Z kolei koordynator rządu niemieckiego określił decyzję Polski jako prowadzącą do „ślepego zaułka”. Niemieckie władze podkreśliły, że przywrócenie kontroli granicznych nie rozwiąże problemów migracyjnych i może jedynie skomplikować współpracę transgraniczną. Jak informuje INTERIA.PL, w rejonie granic działają także grupy społeczne, takie jak Ruch Obrony Granic, które angażują się w kwestie związane z migracją, co dodatkowo podnosi temperaturę dyskusji.
Tło polityczne i społeczne wydarzenia związane z granicą
Napięcia społeczne wokół kwestii granicznych nasilają się. 29 czerwca 2025 roku odbył się protest przeciwko nielegalnej migracji, który – według relacji Gazeta.pl – pokazał rosnącą determinację części społeczeństwa w domaganiu się skuteczniejszych działań w ochronie granic.
Wcześniej Prawo i Sprawiedliwość zabezpieczyło się na wypadek kryzysu politycznego.
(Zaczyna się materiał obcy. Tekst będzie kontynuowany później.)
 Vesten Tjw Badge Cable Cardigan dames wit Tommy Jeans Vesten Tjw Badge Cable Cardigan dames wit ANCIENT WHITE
Wiceminister Jacek Karnowski podkreślił potrzebę przeliczenia części głosów wyborczych, aby wyjaśnić wszelkie wątpliwości dotyczące wyników ostatnich wyborów. Informację tę podał Onet.pl, wskazując na rosnące zawirowania przed wyborami.
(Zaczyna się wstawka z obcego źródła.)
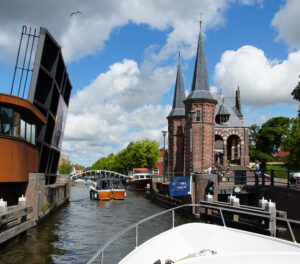 Boot varen in Friesland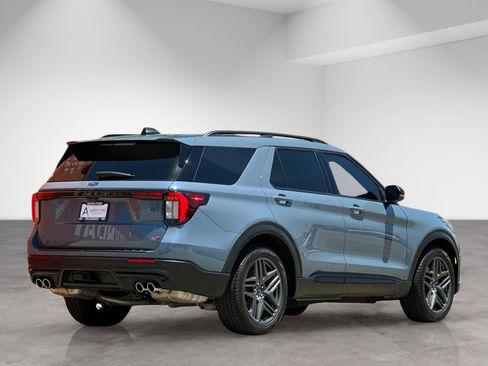 Used 2025 Ford Explorer ST w/ Sun And Sound Package AWD/4WD image 7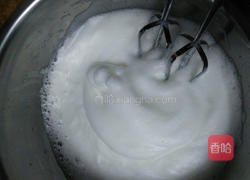 双色可可蛋糕卷的做法图解2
W tle politycznych sporów o rekonstrukcję rządu i zarzutów dotyczących spisku wyborczego, które – jak podkreśla INTERIA.PL – dodatkowo komplikują sytuację, narasta napięcie wokół kwestii granicznych. Trwające konflikty w koalicji oraz zdecydowane reakcje opozycji sprawiają, że atmosfera staje się coraz bardziej napięta, co może odbić się na stabilności politycznej Polski.